Mosley, a former racer, team owner and FIA president from 1993 to 2009, fears for the future of F1 if it continues on its current course.
While his successor keeps a worryingly low profile - something that could be never said of the Briton - Mosley is concerned that unless the teams put self-interest aside and get together and talk, the current problems will snowball.
Melbourne saw just nine teams take to the track, and whilst Manor was up and running by Malaysia, the fact is it faces an uncertain future. Furthermore, at least three teams, Sauber, Force India and Lotus are in financial difficulty and have had to ask Bernie Ecclestone for help.
Having seen the writing on the wall, Mosley worked hard to limit team spending during his time as FIA president and worked hard to introduce a budget cap. But, as ever, the teams failed to agree and whilst the problem appeared to go away for a while, it is clear that F1 has, as he puts it, "a real problem".
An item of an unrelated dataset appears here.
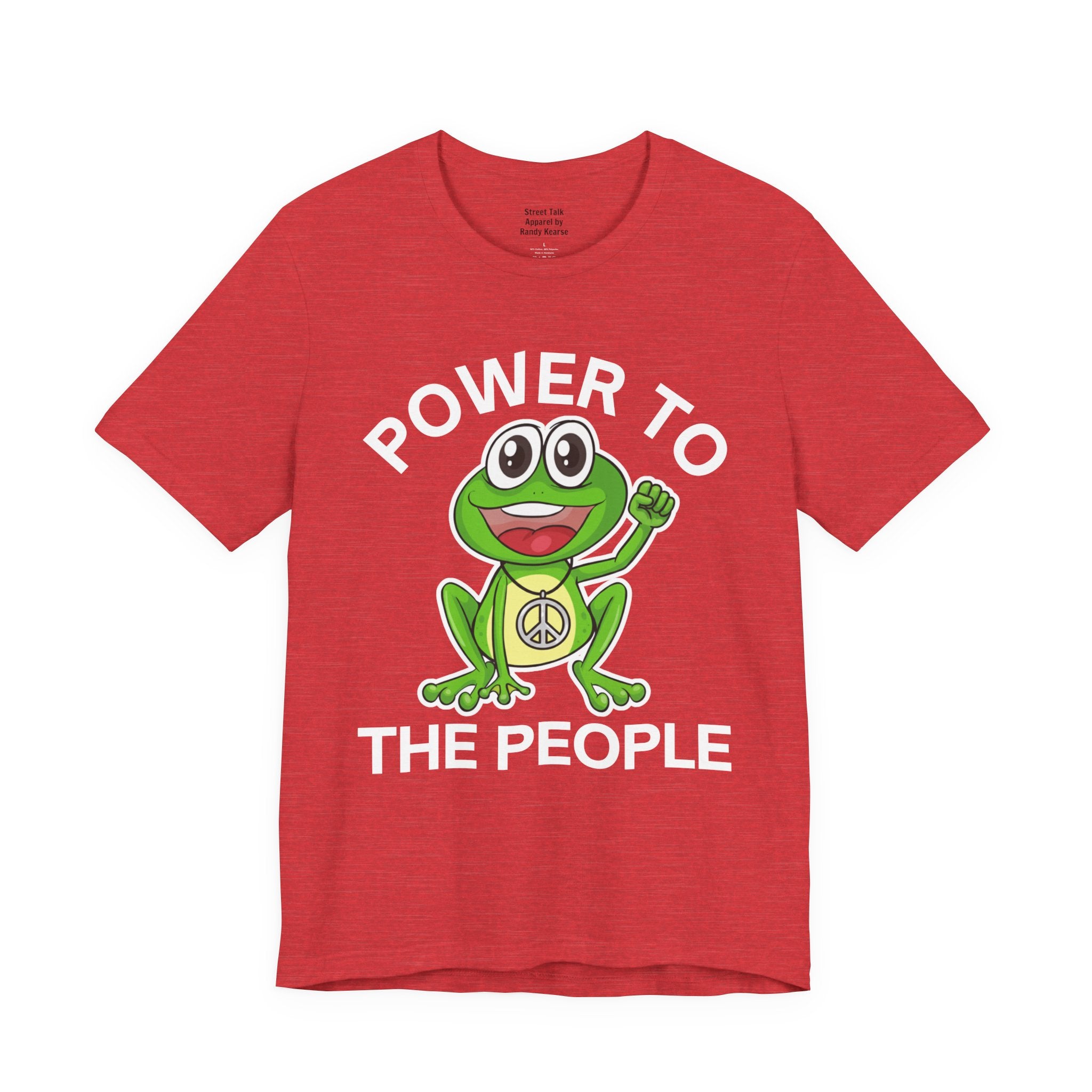 Power To The People T-shirt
"The only way to deal with it is to get everybody to agree," he told DPA News, Christian Hollmann. "You can sit all the teams down and say look collectively we've got a massive problem because some of you have got enough money but most of you haven't and if we go on like this Formula One is going to collapse, so I am inviting you all to agree to a change.
"But they would have to all agree," he continued. "You can't do it without unanimity unfortunately. I think that could be done but it needs people to make very clear to them that there is a real problem."
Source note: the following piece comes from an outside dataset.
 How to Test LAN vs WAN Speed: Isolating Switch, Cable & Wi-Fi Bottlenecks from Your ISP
Mosley has long argued that much of the spending in F1 is wasted, in that the money goes into technology that much of the public is totally unaware of.
"Of course the technology is amazing," he admits, "but a great deal of it is concealed so the public don't actually see - 90 per cent, 95 per cent of what goes on is not visible to an outsider and even kept secret within the teams.
"So it's changed enormously, but whether it's changed for the better; I think it's gone too far," he said. "I think it was good that it should become more sophisticated, more technical and so on but at a certain point there should have been a restriction on how much you can spend, and indeed I've tried to bring that in at the end of my time at the FIA but I didn't succeed."
The Briton believes that the way the money is currently shared out is wrong and that it should be "divided equally among the teams". Under the current system, he argues, the wealthier teams get more money and are consequently able to spend more, become even more successful and thereby attract more sponsorship. Mosley believes the teams should be spending the same with the more successful outfits increasing their earnings by attracting more sponsors.
"At least half the teams simply can't compete because they haven't got enough money, and that to me is wrong," he said. "You obviously wouldn't allow one team to run a bigger engine than another team and yet if one team has got five times as much money the effect is exactly the same as if they had a bigger engine. It's not fair from the sporting point of view."
Interestingly, despite being a close friend and former ally of Bernie Ecclestone, he feels the current governorship of the sport is wrong.
"If everything is in one pair of hands then I think you have a problem," he said. "I don't know what's in the arrangements which have been made but my understanding is that Bernie together with the teams can outvote the FIA. I might be wrong about that and shouldn't really speculate but I get the impression the FIA is not perhaps in a strong a position as it used to be."